The characteristics given in the Law (Lev. xi., and Deut. xiv.) of the permitted animals, viz., chewing the cud and divided hoofs for cattle, and fins and scales for fish, are in themselves neither the cause of the permission when they are present, nor of the prohibition when they are absent; but merely signs by which the recommended species of animals can be discerned from those that are forbidden.

The reason why the sinew that shrank is prohibited is stated in the Law (Gen. xxxii. 33).

It is prohibited to cut off a limb of a living animal and eat it, because such act would produce cruelty, and develop it: besides, the heathen kings used to do it: it was also a kind of idolatrous worship to cut off a certain limb of a living animal and to eat it.
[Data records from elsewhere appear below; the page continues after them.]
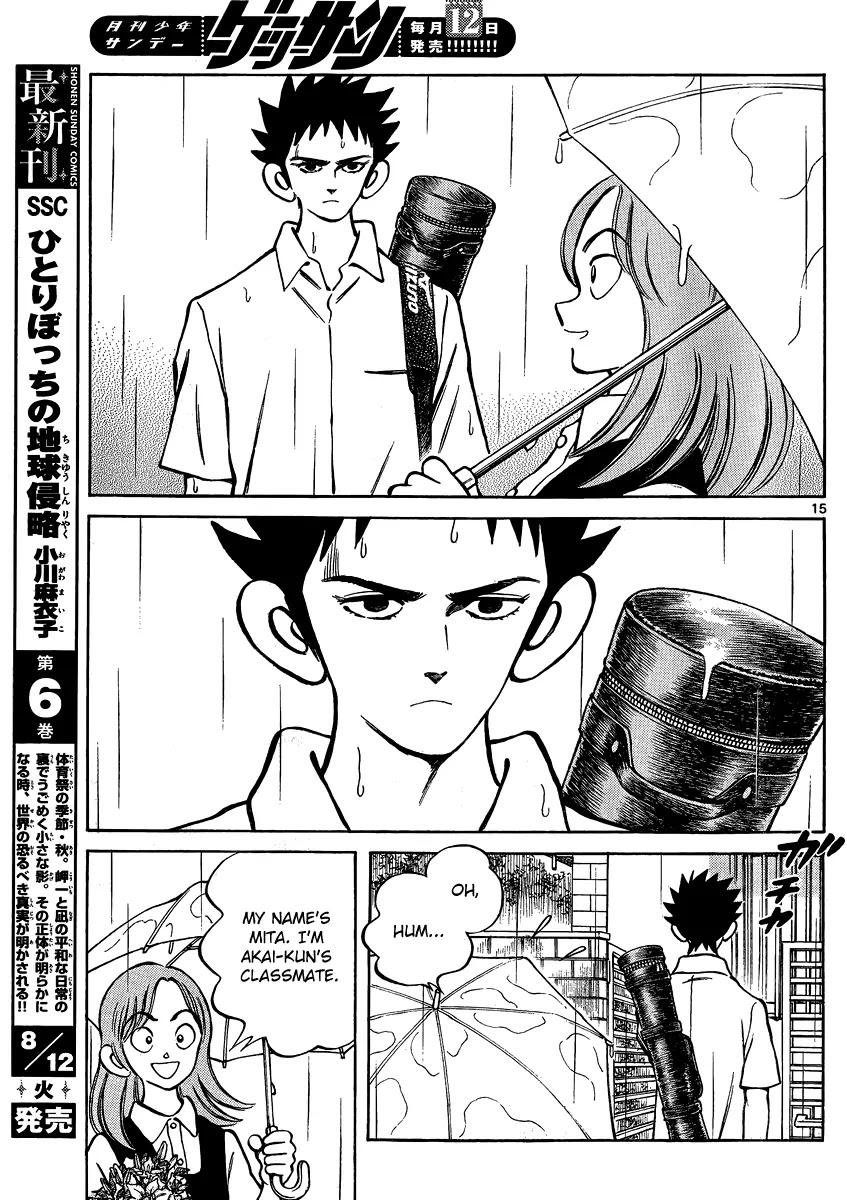 Mix Chapter 27 page 15 - Chapter 27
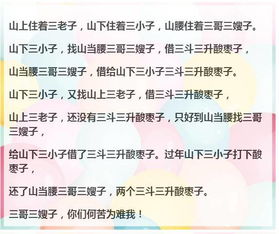 有一个年轻人要过一条河去办事，这条河没有船也没有桥。他便在上午游泳过河，一个小时他便游到了对岸，当天下午，河水的宽度以及流速都没有变，他的游泳速度也没有变，可他竟用了两个半小时才游到河对岸；你说为什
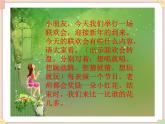 接力版小学音乐一年级上册6.7《新年联欢会》课件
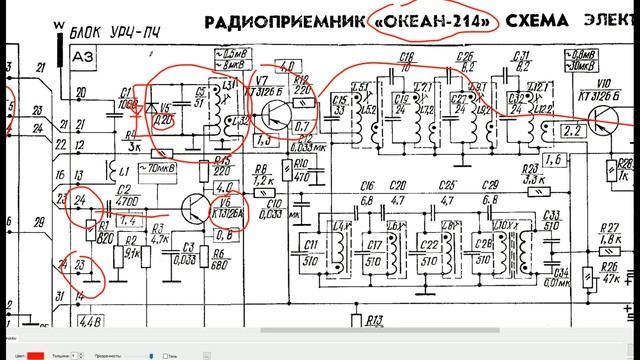 Боремся с искажениями мощного сигнала в УКВ Океана - 214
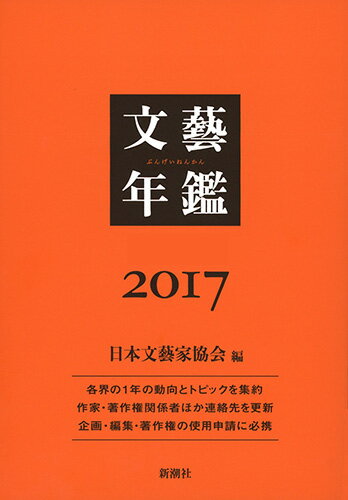 文藝年鑑 2017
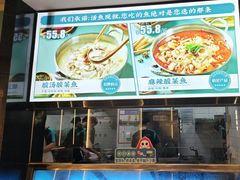 -有家酸菜鱼(苏州绿宝广场店)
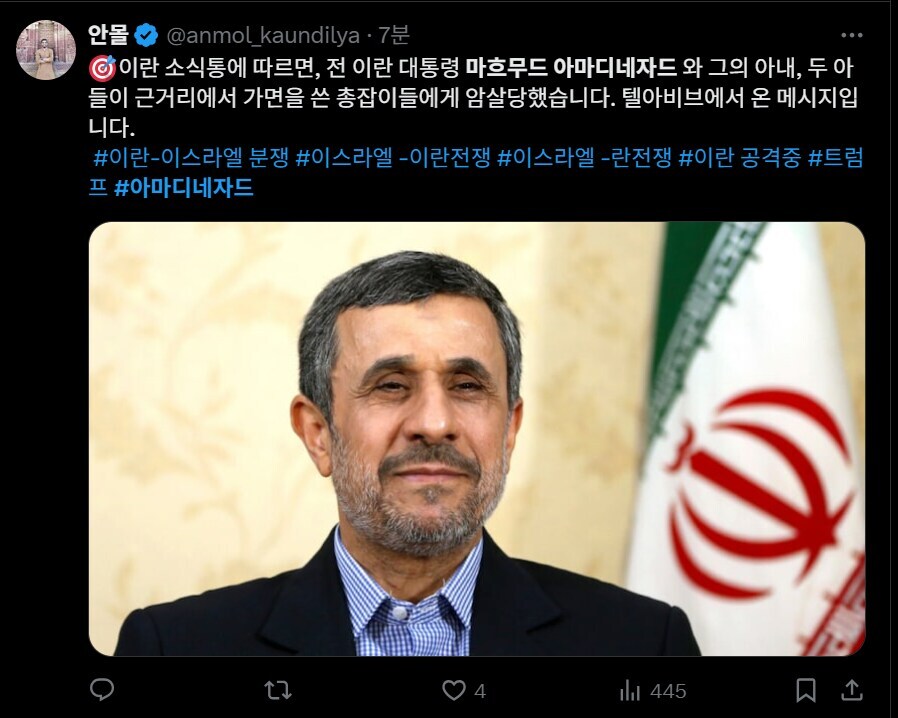이란 전 대통령과 그 가족 사망_1.jpg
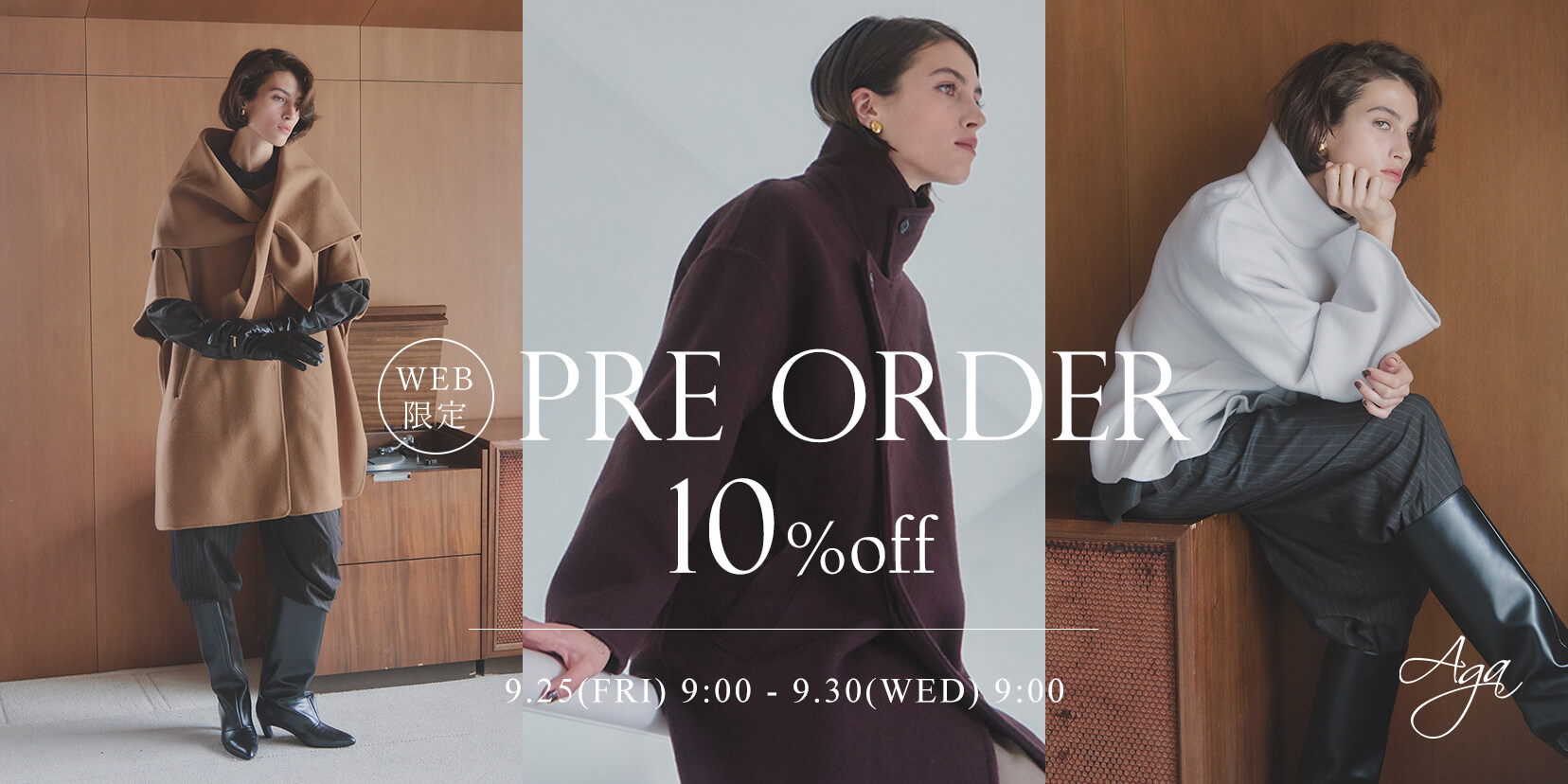 YAMADAYA STORE (公式通販サイト)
Meat boiled in milk is undoubtedly gross food, and makes overfull; but I think that most probably it is also prohibited because it is somehow connected with idolatry, forming perhaps part of the service, or being used on some festival of the heathen. I find a support for this view in the circumstance that the Law mentions the prohibition twice after the commandment given concerning the festivals "Three times in the year all thy males shall appear before the Lord God" (Exod. xxiii. 17, and xxxiv. 73), as if to say, "When you come before me on your festivals, do not seethe your food in the manner as the heathen used to do." This I consider as the best reason for the prohibition: but as far as I have seen the books on Sabean rites, nothing is mentioned of this custom.

The commandment concerning the killing of animals is necessary, because the natural food of man consists of vegetables and of the flesh of animals: the best meat is that of animals permitted to be used as food. No doctor has any doubts about this. Since, therefore, the desire of procuring good food necessitates the slaying of animals, the Law enjoins that the death of the animal should be the easiest. It is not allowed to torment the animal by cutting the throat in a clumsy manner, by poleaxing, or by cutting off a limb whilst the animal is alive.